• [Task brief]: With pictures omitted, output the records below exactly as they appear.

• [Dataset]:
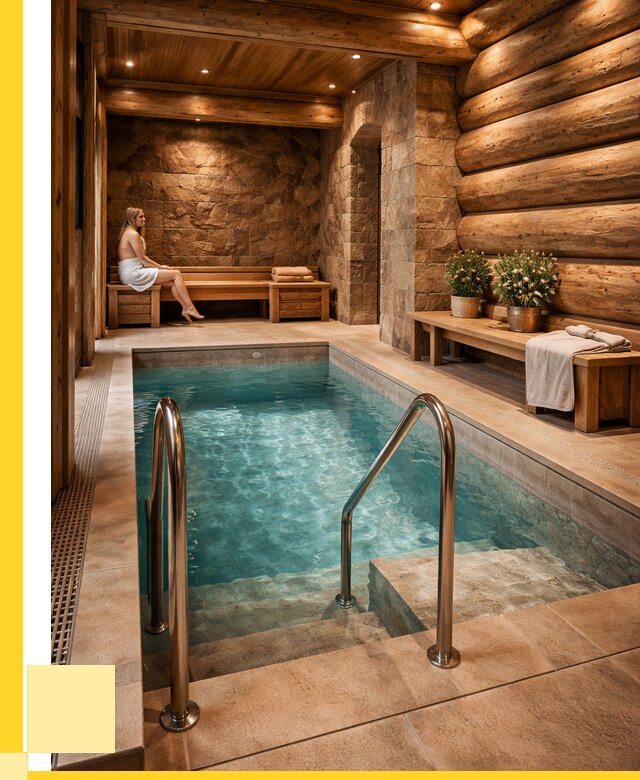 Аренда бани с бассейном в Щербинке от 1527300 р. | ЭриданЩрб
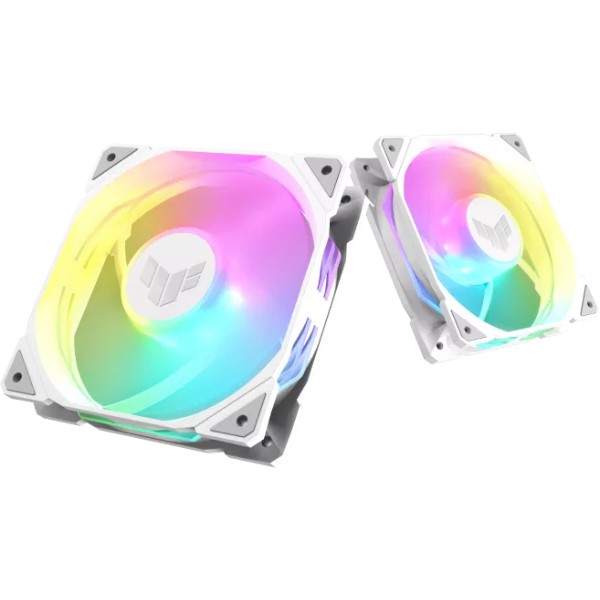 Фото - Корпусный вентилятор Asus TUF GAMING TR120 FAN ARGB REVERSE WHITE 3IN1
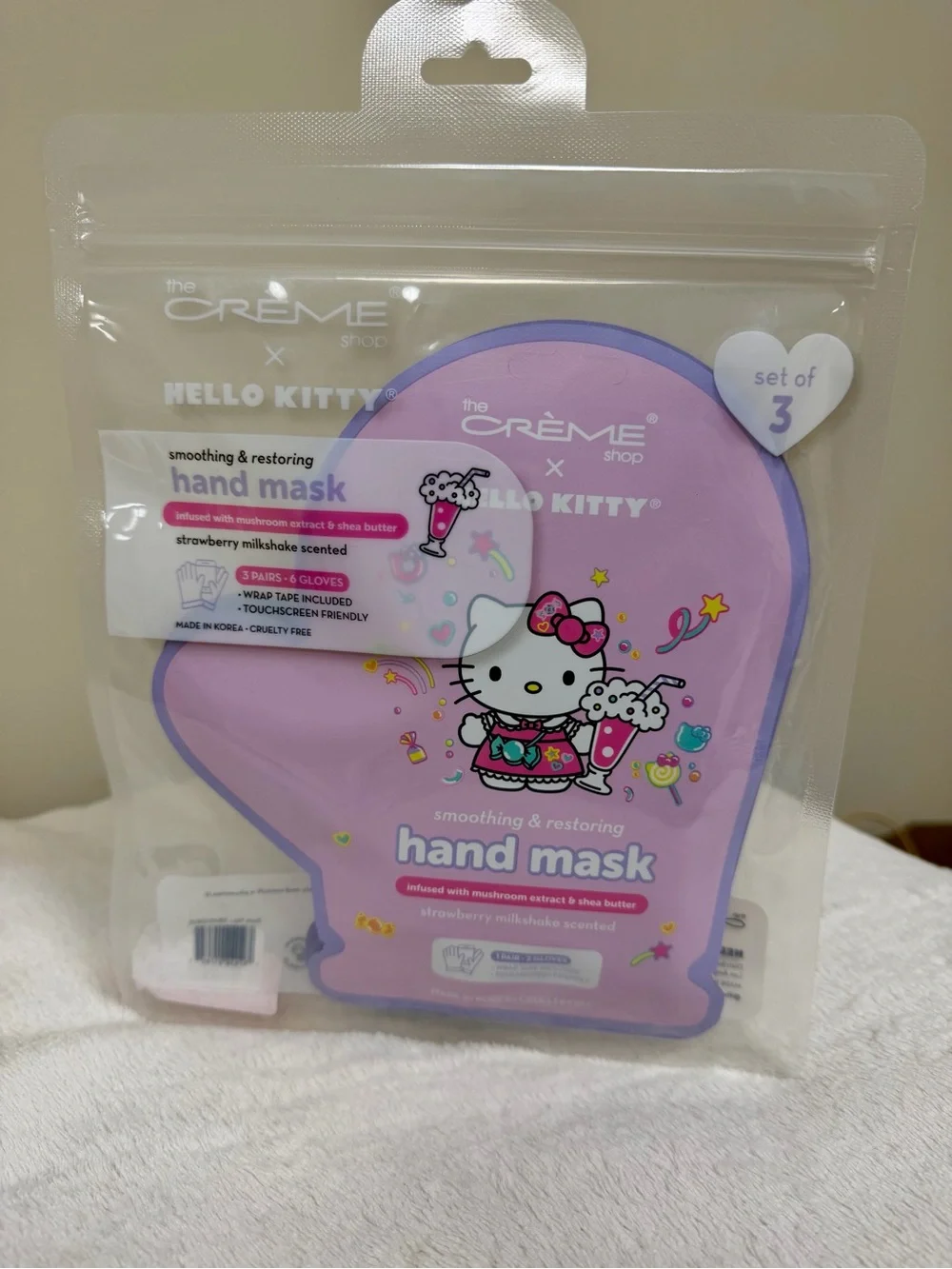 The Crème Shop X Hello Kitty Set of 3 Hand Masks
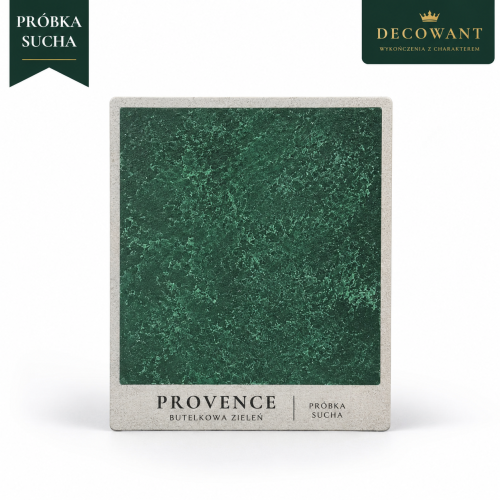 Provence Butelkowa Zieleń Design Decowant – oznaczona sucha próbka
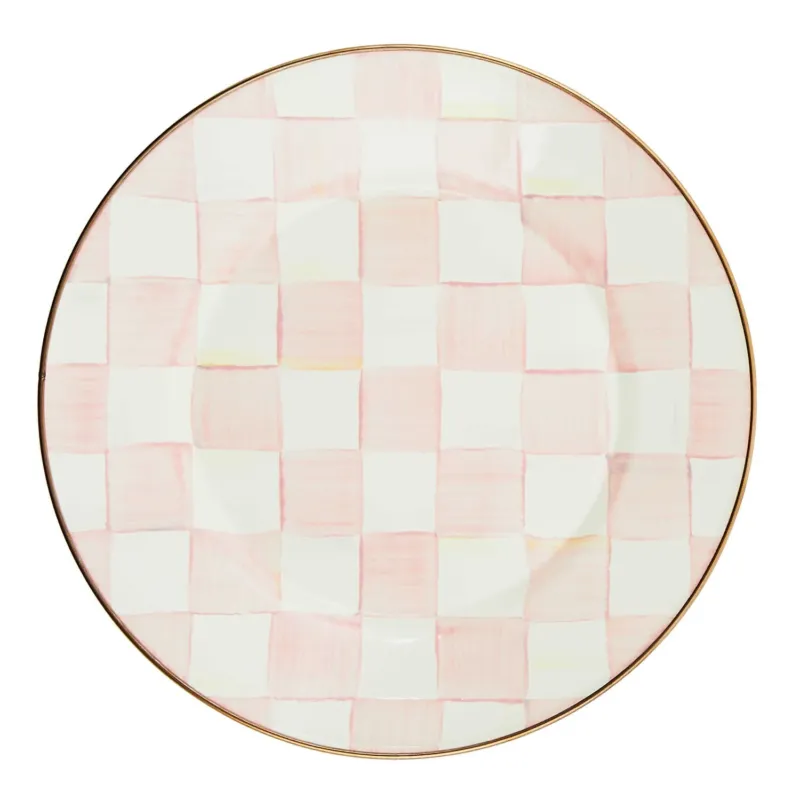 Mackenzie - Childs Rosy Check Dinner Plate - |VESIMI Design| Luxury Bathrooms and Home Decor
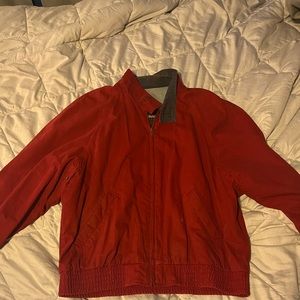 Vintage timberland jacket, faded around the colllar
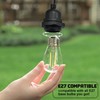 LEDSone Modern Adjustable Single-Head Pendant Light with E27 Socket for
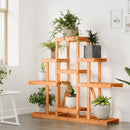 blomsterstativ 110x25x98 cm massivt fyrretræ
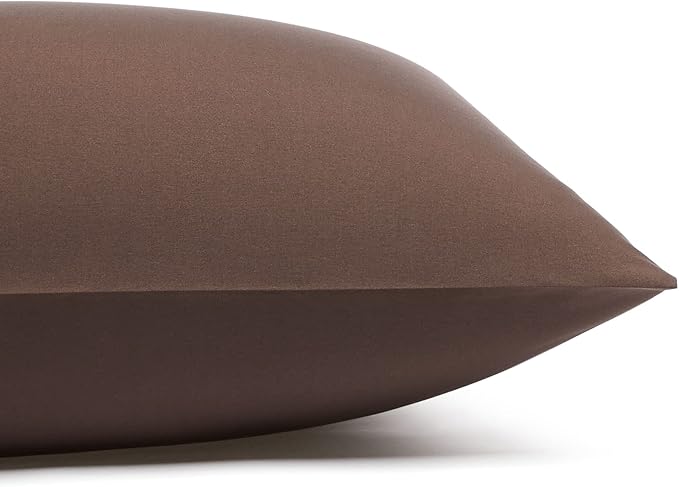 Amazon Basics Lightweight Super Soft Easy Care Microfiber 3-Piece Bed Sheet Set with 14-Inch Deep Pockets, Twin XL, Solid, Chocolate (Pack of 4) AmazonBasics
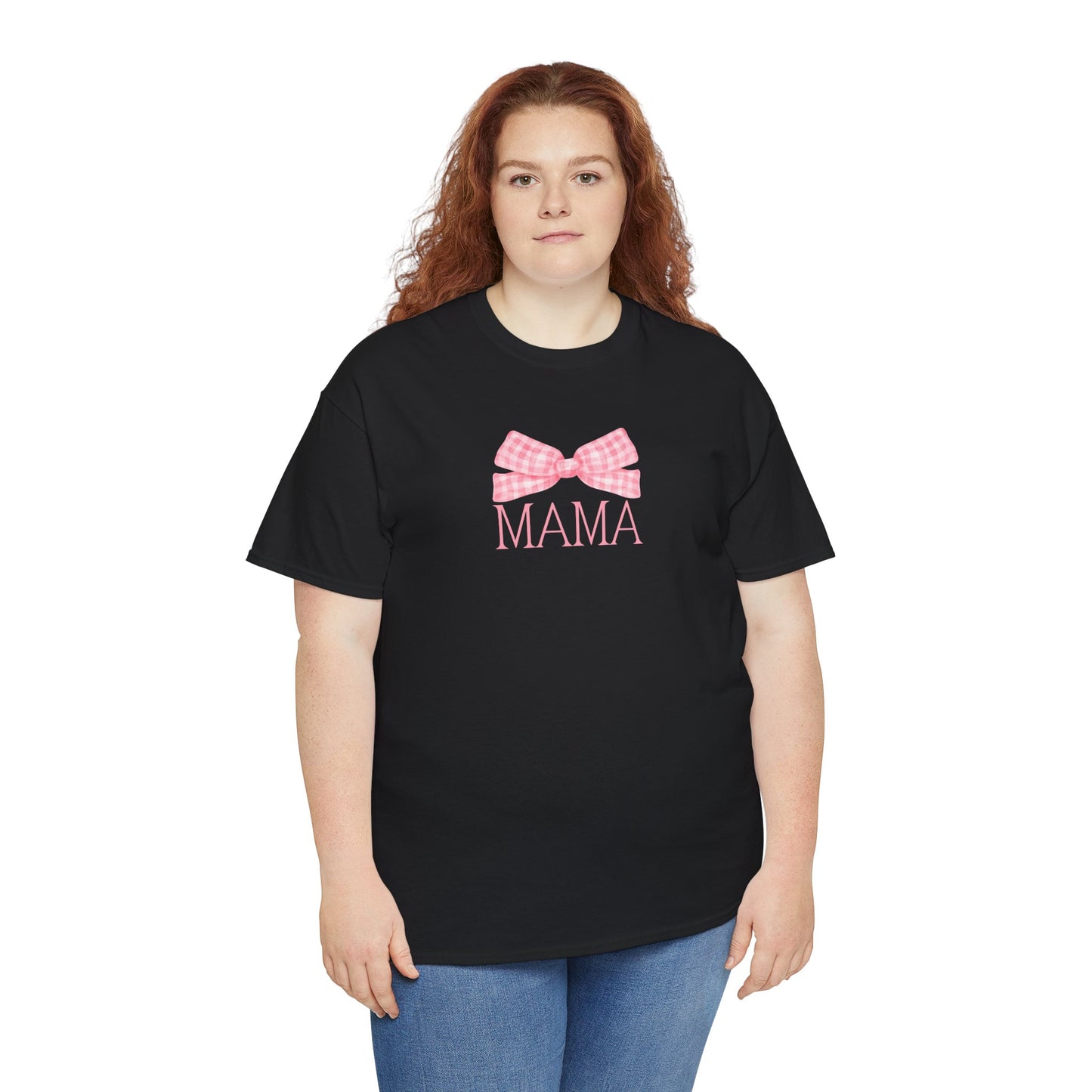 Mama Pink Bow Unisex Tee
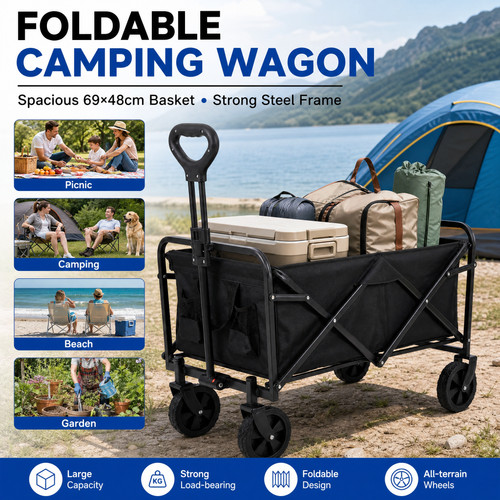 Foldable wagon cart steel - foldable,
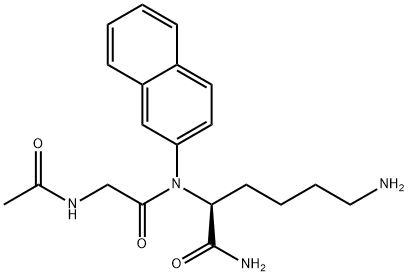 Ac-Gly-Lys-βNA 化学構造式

• [Response]:
 Аренда бани с бассейном в Щербинке от 1527300 р. | ЭриданЩрб
 Фото - Корпусный вентилятор Asus TUF GAMING TR120 FAN ARGB REVERSE WHITE 3IN1
 The Crème Shop X Hello Kitty Set of 3 Hand Masks
 Provence Butelkowa Zieleń Design Decowant – oznaczona sucha próbka
 Mackenzie - Childs Rosy Check Dinner Plate - |VESIMI Design| Luxury Bathrooms and Home Decor
 Vintage timberland jacket, faded around the colllar
 LEDSone Modern Adjustable Single-Head Pendant Light with E27 Socket for
 blomsterstativ 110x25x98 cm massivt fyrretræ
 Amazon Basics Lightweight Super Soft Easy Care Microfiber 3-Piece Bed Sheet Set with 14-Inch Deep Pockets, Twin XL, Solid, Chocolate (Pack of 4) AmazonBasics
 Mama Pink Bow Unisex Tee
 Foldable wagon cart steel - foldable,
 Ac-Gly-Lys-βNA 化学構造式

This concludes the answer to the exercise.